All Creatures Great and Small
I tended my 5 year old namesake grandson. It’s always a treat. Recently water safe, he wanted to go to the community pool.
After spending some time in the main, sizable pool, he decided he wanted to visit the smaller kiddies pool, where he had spent time before he learned to swim. The water therein is only 12 inches deep.
We’d been there awhile, enjoying the slightly saline water and the sun, examining the various jets and filters, when he suddenly said, “Grandpa, there’s a mouse!” and scampered out of the water posthaste.
I looked around the circular pool, and sure enough, he was right.
An observant child, he had spotted the little creature in the shadows in the almost rectangular opening below the filter basket, just above water level. It was barely discernible to me. It would venture forward a bit, then retreat, but never far from the opening. It looked to be in distress.
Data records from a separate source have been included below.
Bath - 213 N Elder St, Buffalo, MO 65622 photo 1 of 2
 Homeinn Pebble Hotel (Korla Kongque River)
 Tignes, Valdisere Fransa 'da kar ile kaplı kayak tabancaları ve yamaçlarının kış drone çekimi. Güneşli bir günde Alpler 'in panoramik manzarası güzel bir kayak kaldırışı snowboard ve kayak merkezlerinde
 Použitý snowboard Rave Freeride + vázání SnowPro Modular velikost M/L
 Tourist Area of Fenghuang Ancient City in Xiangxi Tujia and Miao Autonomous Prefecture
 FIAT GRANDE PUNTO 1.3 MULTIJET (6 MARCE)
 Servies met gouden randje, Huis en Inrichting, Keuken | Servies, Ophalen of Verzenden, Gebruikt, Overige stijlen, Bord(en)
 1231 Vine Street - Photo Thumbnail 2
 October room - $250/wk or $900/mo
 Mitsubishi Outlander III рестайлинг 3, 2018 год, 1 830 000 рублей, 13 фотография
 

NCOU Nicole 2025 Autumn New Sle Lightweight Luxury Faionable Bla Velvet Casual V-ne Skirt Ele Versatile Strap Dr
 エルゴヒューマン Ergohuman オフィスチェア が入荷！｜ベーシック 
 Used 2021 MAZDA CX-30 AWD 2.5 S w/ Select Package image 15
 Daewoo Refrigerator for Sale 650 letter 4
The thought occurred to me: who’s to say this isn’t a relative of Mickey and Minnie (my grandson loves Disneyland and Disney characters)? We had also recently viewed an animated film, “The Tales of Despereaux,” featuring a brave mouse who helps rescue a princess who has fallen into the clutches of some nefarious rats. Was that coincidence?
About this time my daughter, an inveterate animal lover, arrived to pick up her son. I told her about the plight of the mouse.
She marched over to the round plastic cover above the filter basket and, with my help, removed it. We could see the backside of the mouse as it crouched above water level, perched on the rim of the rectangular opening, able to move neither forward nor backward without falling into what must have seemed to it to be an ocean. It had more room to move forward than backward, but it must have sensed that, if it ventured too far ahead, it would slide down a slippery slope into a sea from which there might well be no escape.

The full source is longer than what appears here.